— Exercise materials —

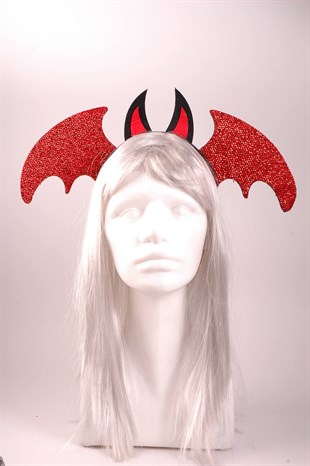 Kırmızı Yarasa Kanatlı Halloween Taç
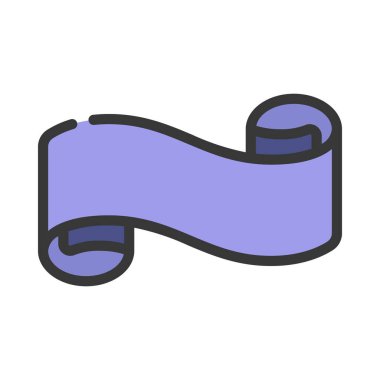 Dalgalı Kıvrık Kurdele Ağı simgesi, vektör illüstrasyonu         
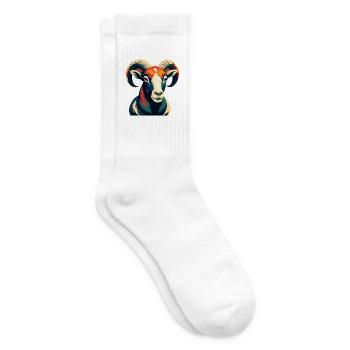 Ram Cartoon Figur Buntes Haustier Tier - Tennissocken - Weiß - Rechts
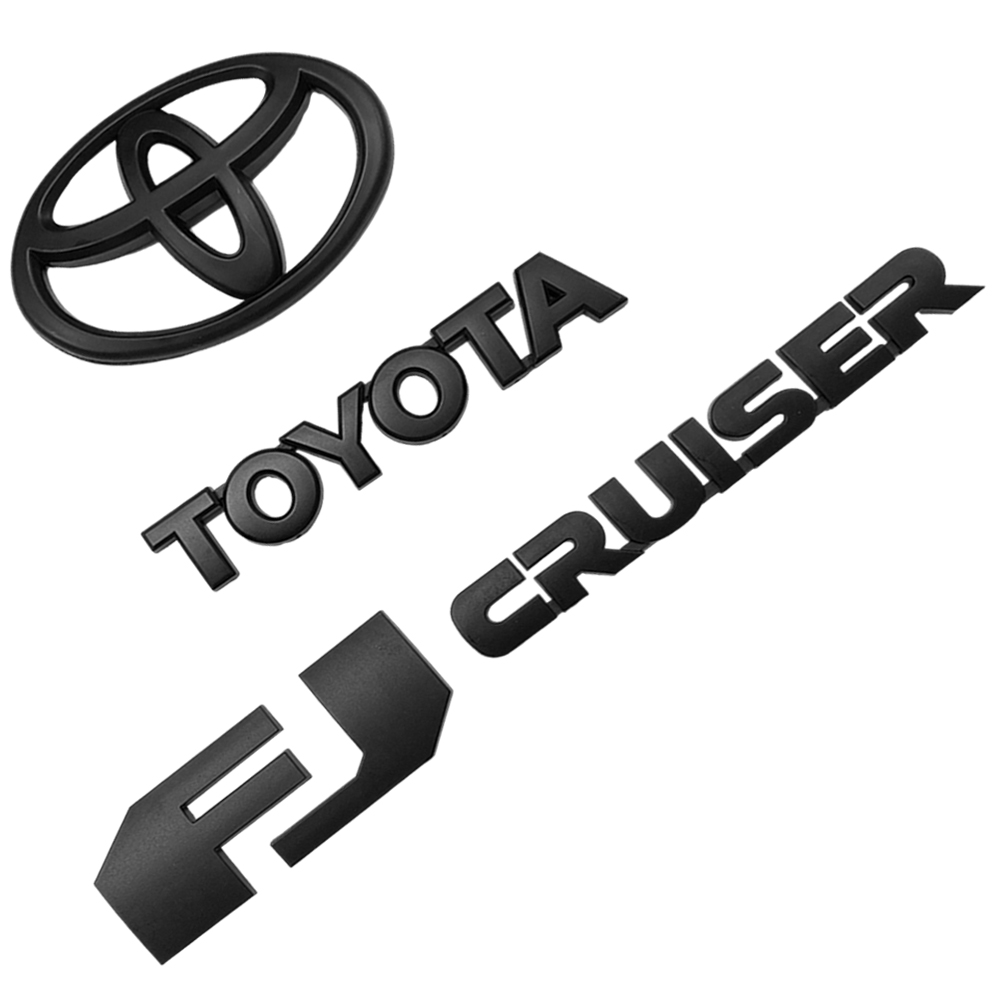 3pcs 2007-2015 FJ Cruiser Rear Emblem Matte Black Toyota TFJCB 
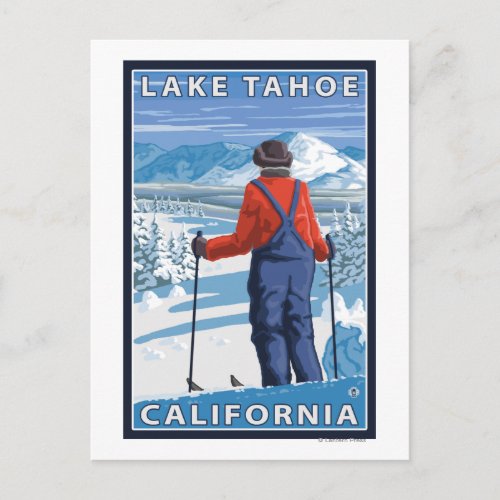 Skier Admiring _ Lake Tahoe California Postcard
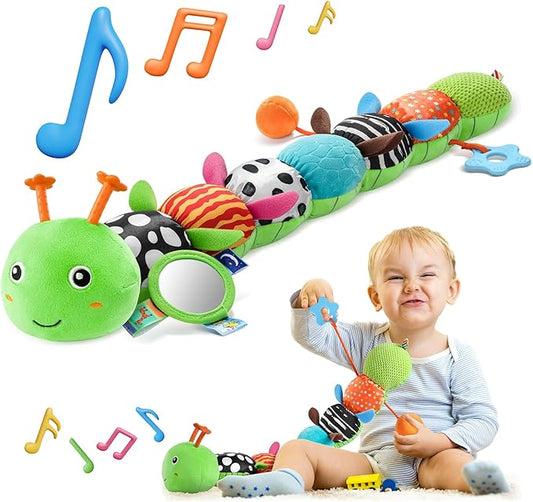 HEMRLY Baby Sensory Toy 0-6 Months, Musical Stuffed Caterpillar Plush with Teether, Crinkle, Rattle, Baby Mirror for Tummy Time, Infant Car Seat Toy for 0-3-6-12 Month Boys Girls Gifts - Winged Green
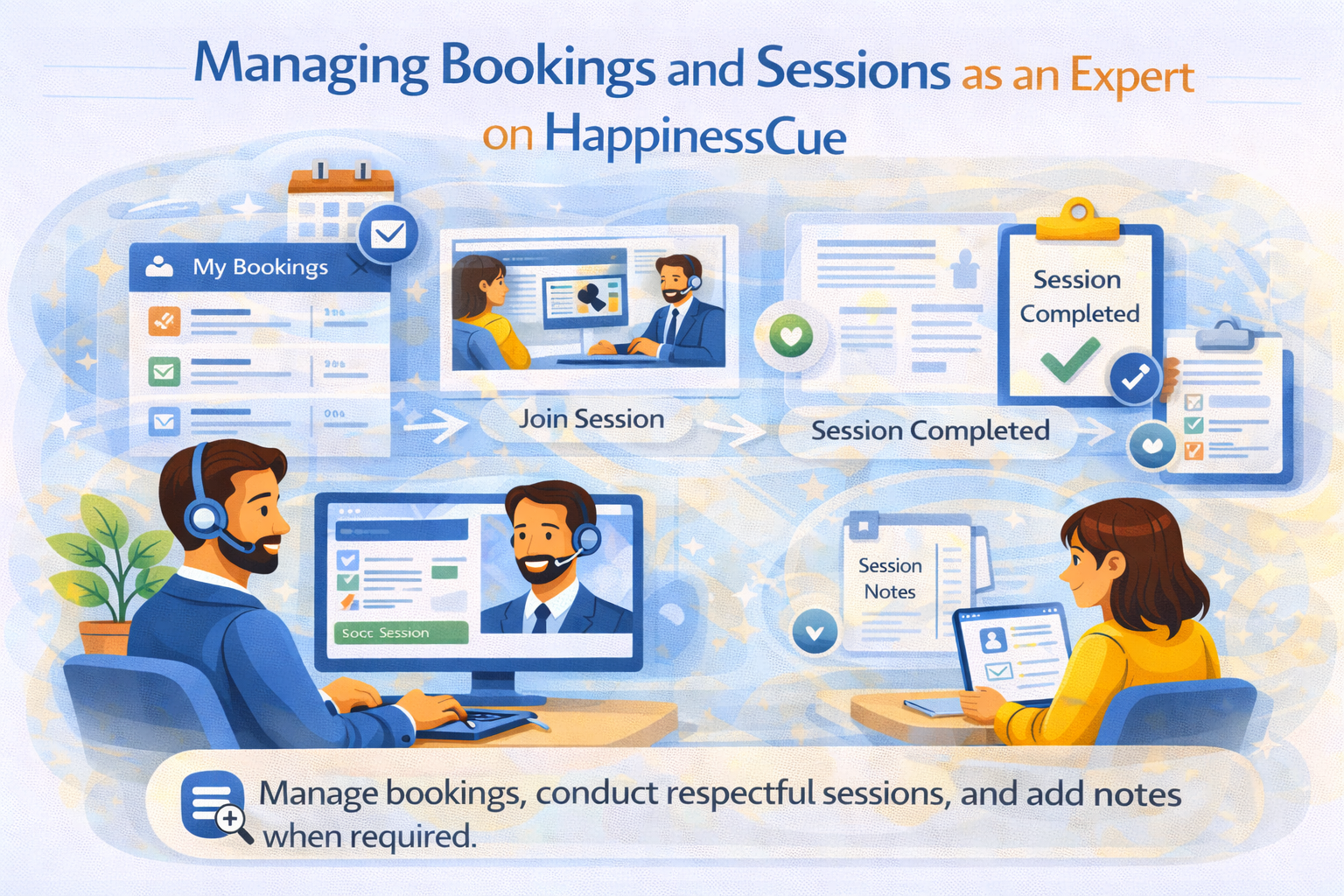 Managing Bookings and Sessions as an Expert on HappinessCue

— Directions —
Emit the lines of the material exactly, from its first line to the line containing "Skier Admiring _", inclusive; leave every picture out.

— Task result —
 Kırmızı Yarasa Kanatlı Halloween Taç
 Dalgalı Kıvrık Kurdele Ağı simgesi, vektör illüstrasyonu         
 Ram Cartoon Figur Buntes Haustier Tier - Tennissocken - Weiß - Rechts
 3pcs 2007-2015 FJ Cruiser Rear Emblem Matte Black Toyota TFJCB 
 Skier Admiring _ Lake Tahoe California Postcard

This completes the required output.